Size, depth, and anthropogenic variables.

We measured the size of each wetland (in km2) using ArcMap (v. 10.2) and the spatial map provided by the Water Development Department (WDD) of the Government of Cyprus, which marked the boundaries of the wetlands. WDD also provided us with data on the depth and the salinity of each wetland. The data on the depth represented the maximum depth of each wetland in meters. For the purposes of the analysis, we classified wetlands into shallow (≤ 10 m) and deep (> 10 m). The data on salinity categorized wetlands into four categories: freshwater (<5 practical salinity units (psu)), brackish (5–30 psu), saline (30–50 psu), and hypersaline (>50 psu).

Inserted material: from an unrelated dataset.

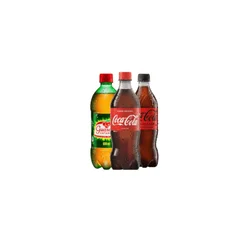 Refrigerantes 600ml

We did not use salinity as an explanatory variable in our analyses because it correlated highly with depth: all non-freshwater wetlands were shallow and all but two freshwater wetlands were deep. We should also note that all thirteen artificial wetlands belonged to the freshwater category. There were four brackish natural wetlands, one saline, and one hypersaline.

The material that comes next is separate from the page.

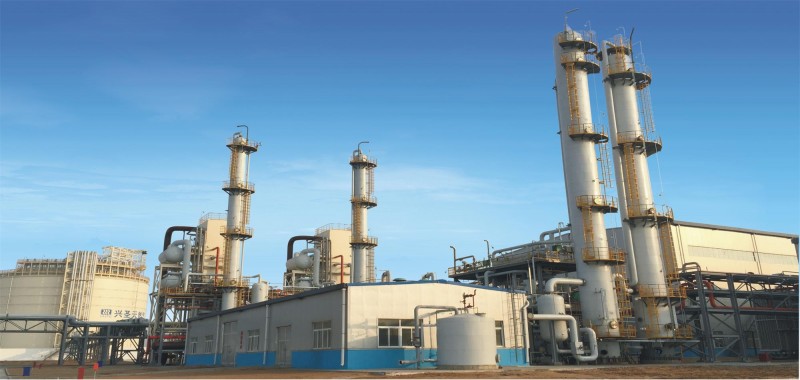 200万方天然气液化设备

To estimate the density of the road network at each site, we used ArcMap to create a “buffer” of 250 m around each wetland, within which we measured the total length of roads (in km), using the road map of the island provided by the Department of Land Surveys of the Government of Cyprus. We then divided the total road length by the area of the buffer to calculate the corresponding road density (in km/km2). We chose this buffer size because we wanted to capture effectively the area adjacent to the wetlands that is used by the birds as feeding and nesting grounds. In addition, past research on birds has shown that landscape characteristics are most relevant within a radius of 125 to 250 m [51]. Within that same buffer, we calculated the percentage of area cover by hunting reserves, by georeferencing the official hunting map of 2011, released by the Game Fund Service (i.e., the governmental authority responsible for managing the wild avifauna in Cyprus and for regulating hunting). The reserves are essentially areas of various sizes and habitats, spread throughout the island, in which the hunting of birds is prohibited.

Data analysis

Differences in bird diversity and composition.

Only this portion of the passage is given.